Combining Data, Reaching a Clear Conclusion

Brad DeLong:
Spa Talks with Former Not-So-Senior Administration Officials...
Four points emerged:

  • Doing something large-scale and effective about housing in 2009 would have been really, really hard because most underwater homeowners were making their payments, would have regarded it as grossly unfair for the government to have bailed out their peers in default, and banks had no interest in taking any haircuts at all on mortgage loans that were current--no matter how far underwater the borrower was.

  • The failure of the PPIP and other policies in 2009 to achieve significant scale and actually boost the economy-wide supply of safe assets that the market was so desperate for is actually the fault of Krugman, Sachs, and Stiglitz for opposing it...

  • DeLong comments:
    I am very skeptical of (2)--Jeff, Joe, and Paul seem to have had no influence on anything else, so why should they have been decisive here?

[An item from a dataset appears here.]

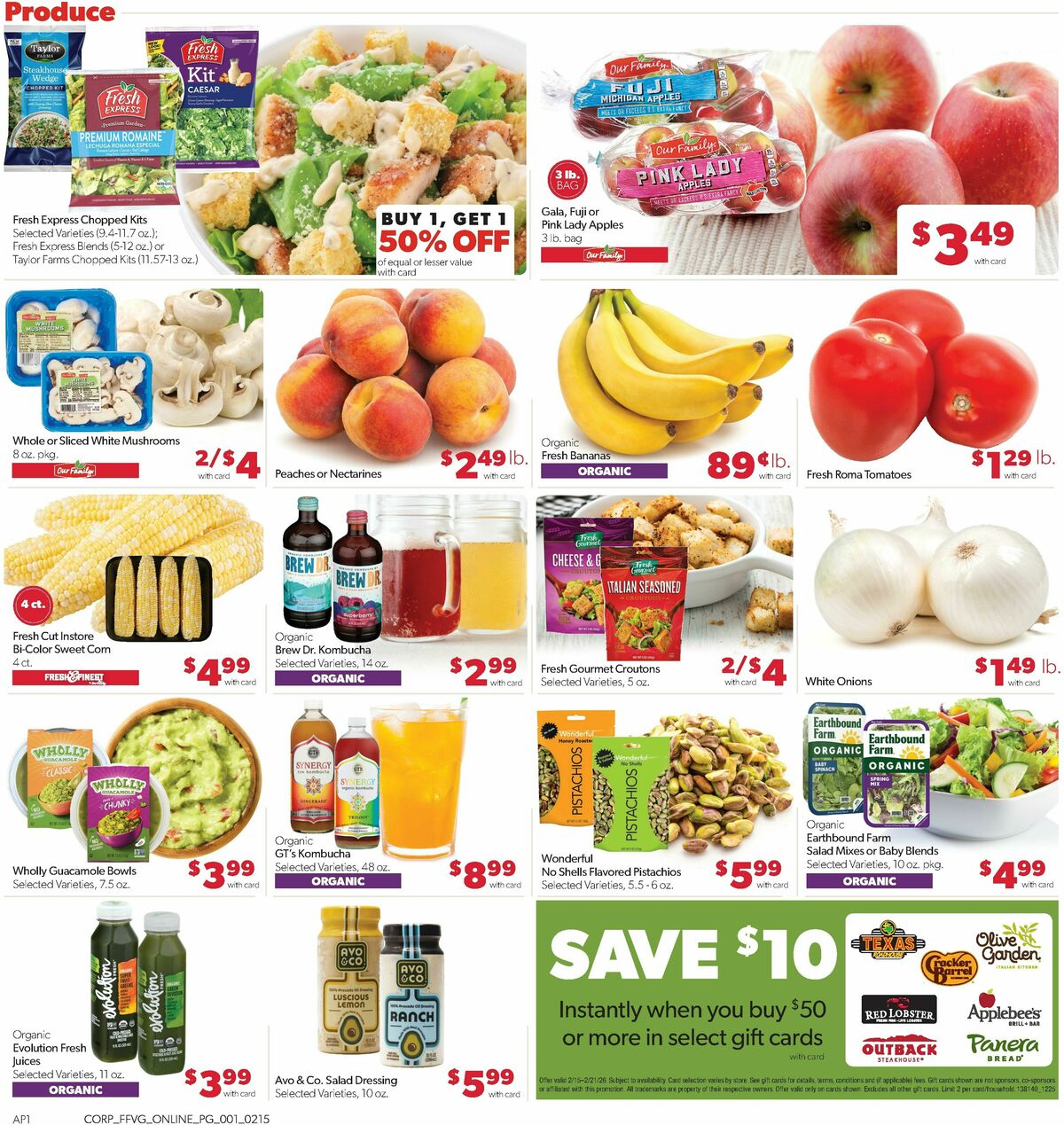Family Fare Weekly Ad from February 15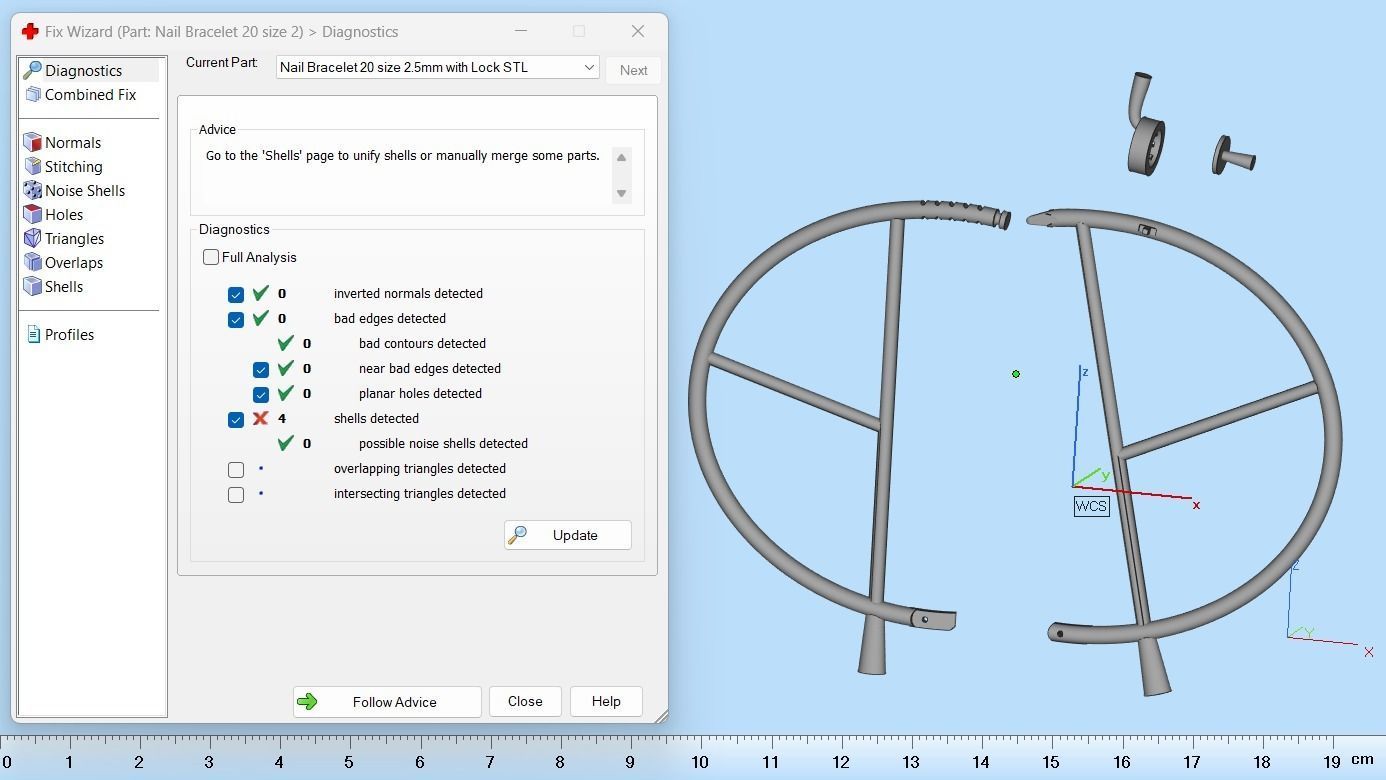 Juste un clou Bracelet 20 Size Small Version N191 3D print model_9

    But a pattern is emerging, and we can leap to conclusions in the manner of Young Sherlock Holmes ("You accused the French ambassador!" "It was the Russian ambassador.")

    Yesterday, many of us thought that Richard Koo was bitter, or at least mishearing things.

    Today, in the aftermath of The DeLong Revelation, we know better. Koo heard the official correctly, and probably was just too polite to call the person an idiot.

    Today, we know that the problem is that the Administration has someone reading Krugman who knows how to play politics but hasn't the slightest understanding of what he reads.